> [TASK TO CARRY OUT]:
All of the listing must be given again exactly, except that the images are dropped.

> [PROVIDED MATERIAL]:
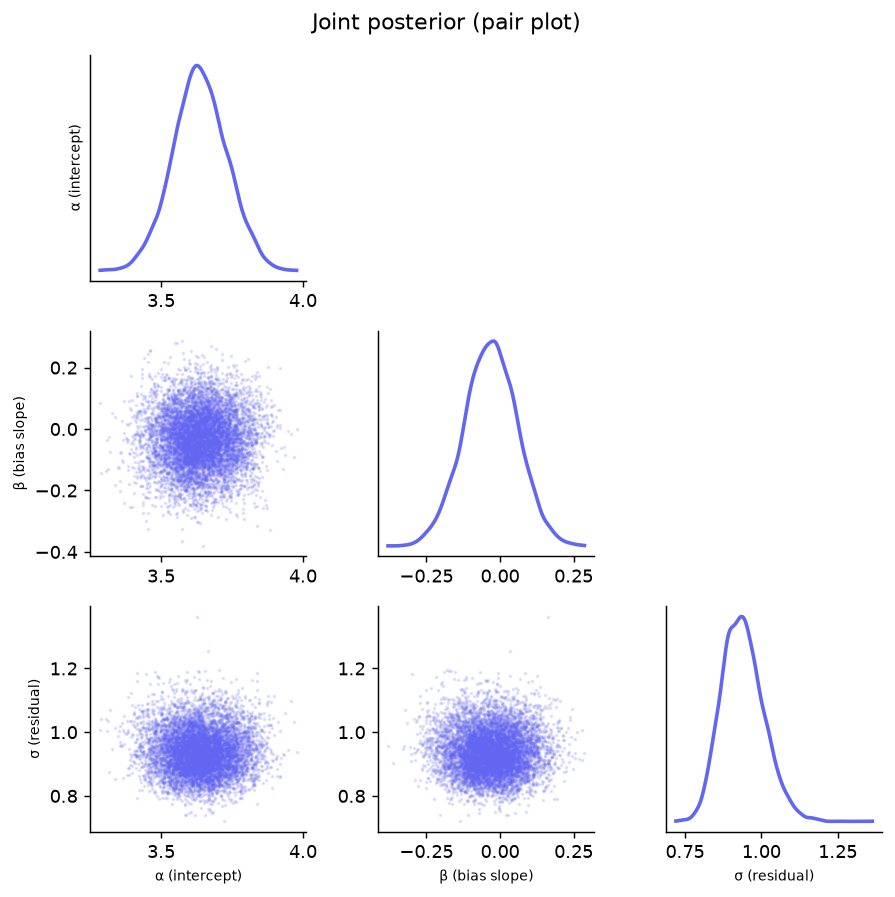Pair plot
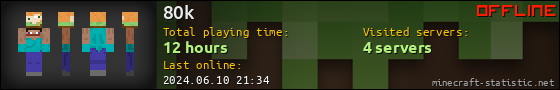80k userbar 560x90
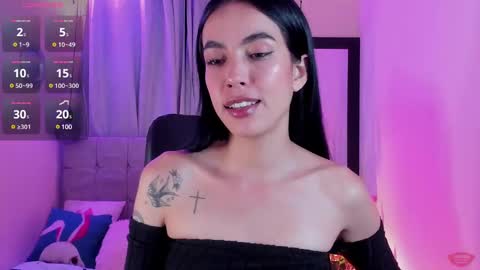 Snapshot of samylewis4_20 chatting on December 14, 2024, 4:23 am sammy online show from December 14, 2024, 4:23 am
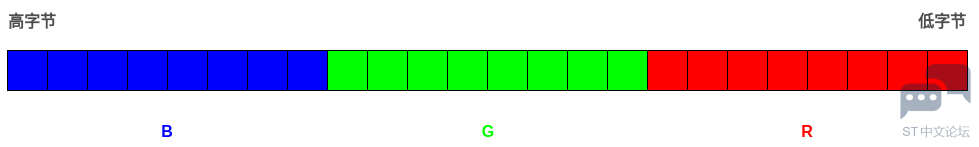 aHR0cHM6Ly9tbWJpei5xcGljLmNuL21tYml6X3BuZy8wUmc4RGRwQWliZlZTdmp2WkUyNXNHTDh3OXpR.png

> [WRITTEN RESPONSE]:
Pair plot
80k userbar 560x90
 Snapshot of samylewis4_20 chatting on December 14, 2024, 4:23 am sammy online show from December 14, 2024, 4:23 am
 aHR0cHM6Ly9tbWJpei5xcGljLmNuL21tYml6X3BuZy8wUmc4RGRwQWliZlZTdmp2WkUyNXNHTDh3OXpR.png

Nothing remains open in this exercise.